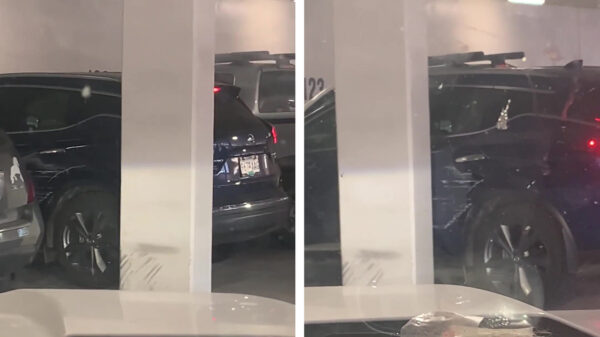 Waarom je nooit je vrouw moet laten uitparkeren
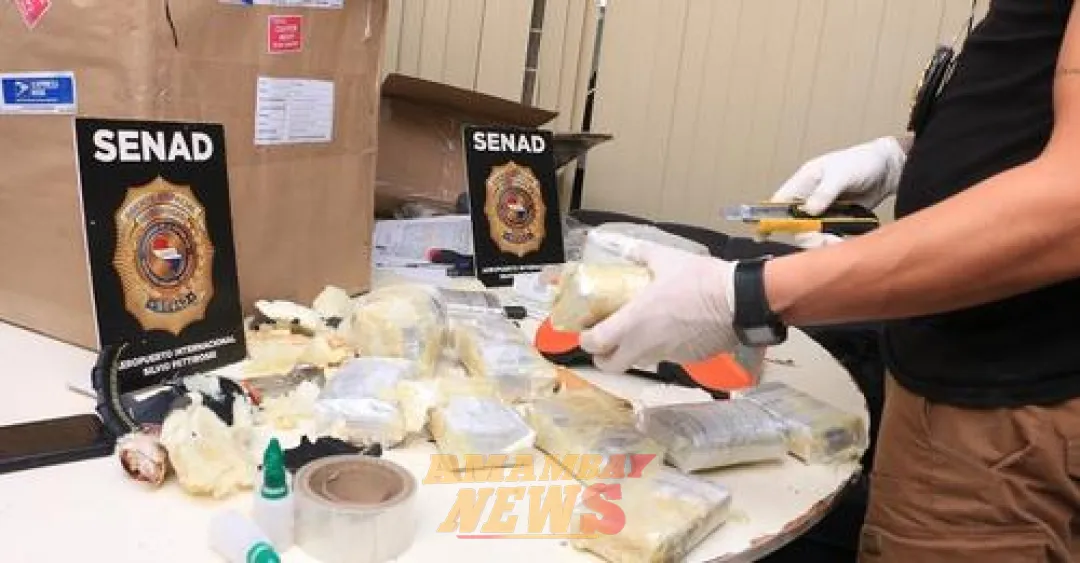 Detectan más de 25 kilos de marihuana “vip” procedente de Miami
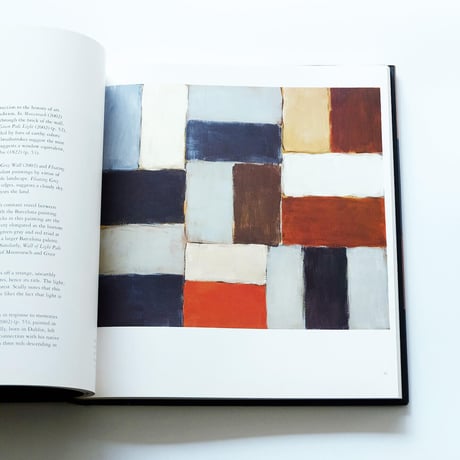 Sean Scully: Wall of Light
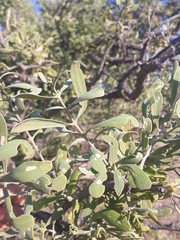 Salvadora australis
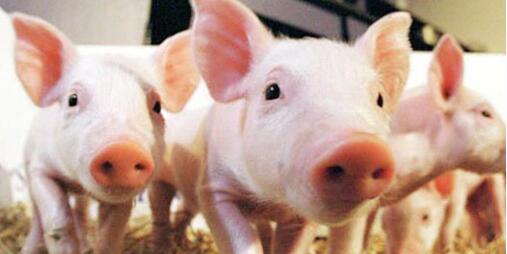 几乎半个中国已经受到疫情威胁?限制生猪运输！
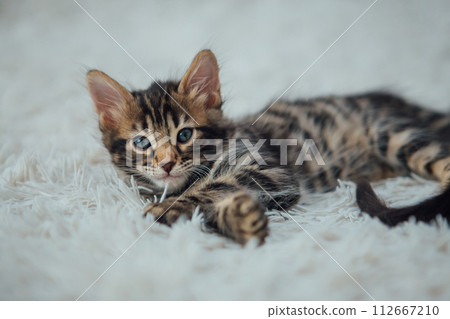 Little bengal kitten on the white fury blanket 112667210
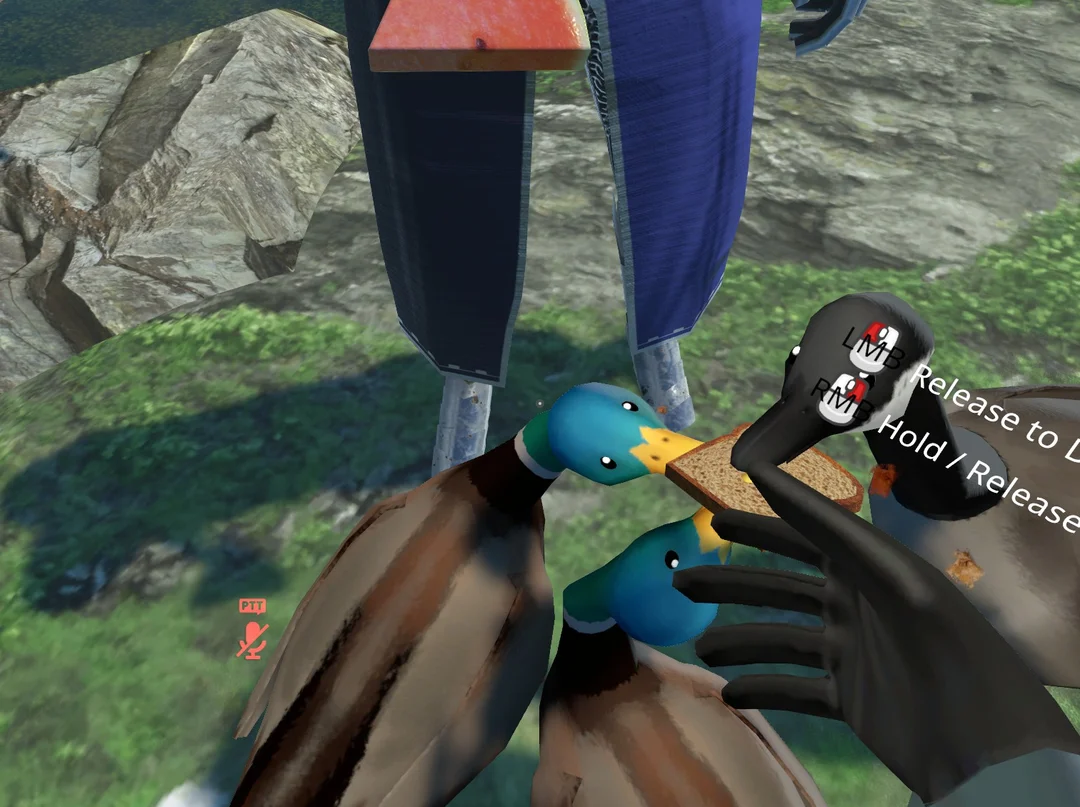 Rats & Ducks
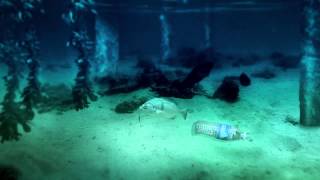 Η Οδύσσεια ενός πλαστικού μπουκαλιού Title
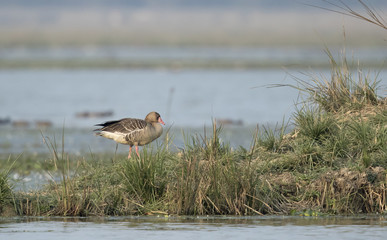 duck in the Pobitora 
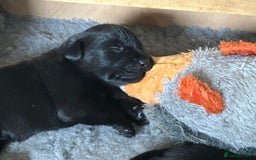 Labrador Retriever dogs for sale: Labrador Retriever  - Image 2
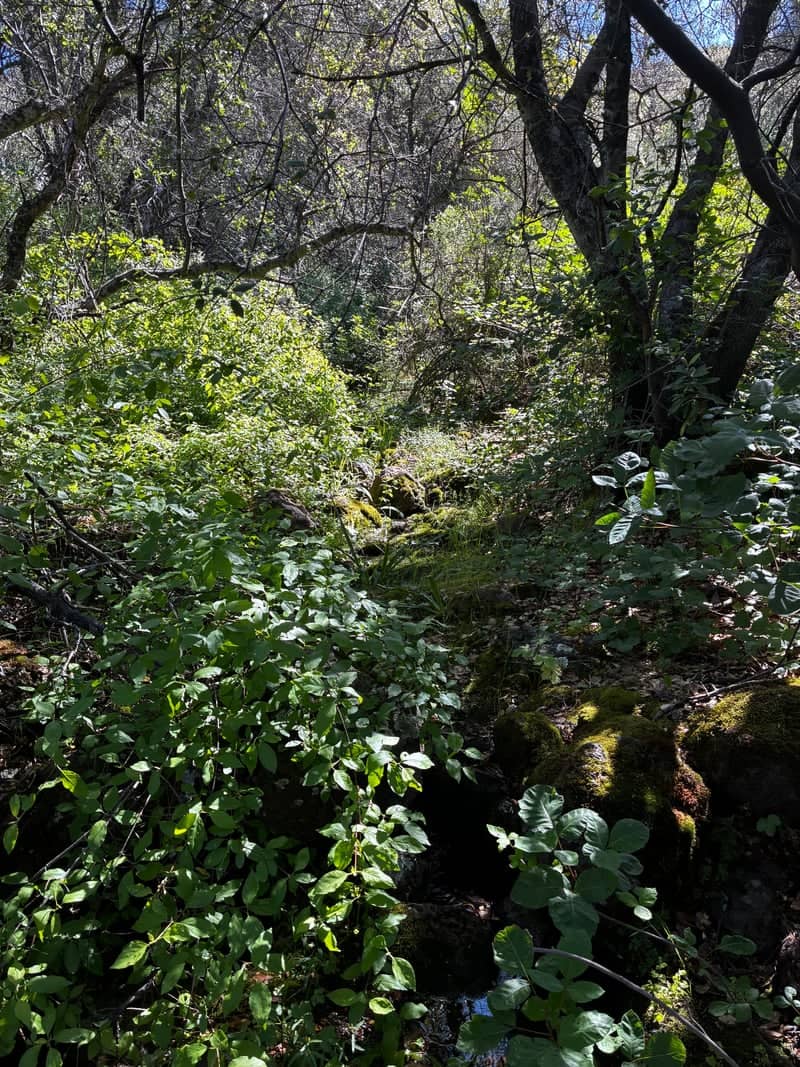 Sierra Foothills Woodland Creek - Image 1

> _Task brief_:
Output nothing but the lines from the one containing "Little bengal kitten" to the end of the listing, both ends included, reproduced exactly. Pictures stay out.

> _Final answer_:
 Little bengal kitten on the white fury blanket 112667210
 Rats & Ducks
 Η Οδύσσεια ενός πλαστικού μπουκαλιού Title
 duck in the Pobitora 
 Labrador Retriever dogs for sale: Labrador Retriever  - Image 2
 Sierra Foothills Woodland Creek - Image 1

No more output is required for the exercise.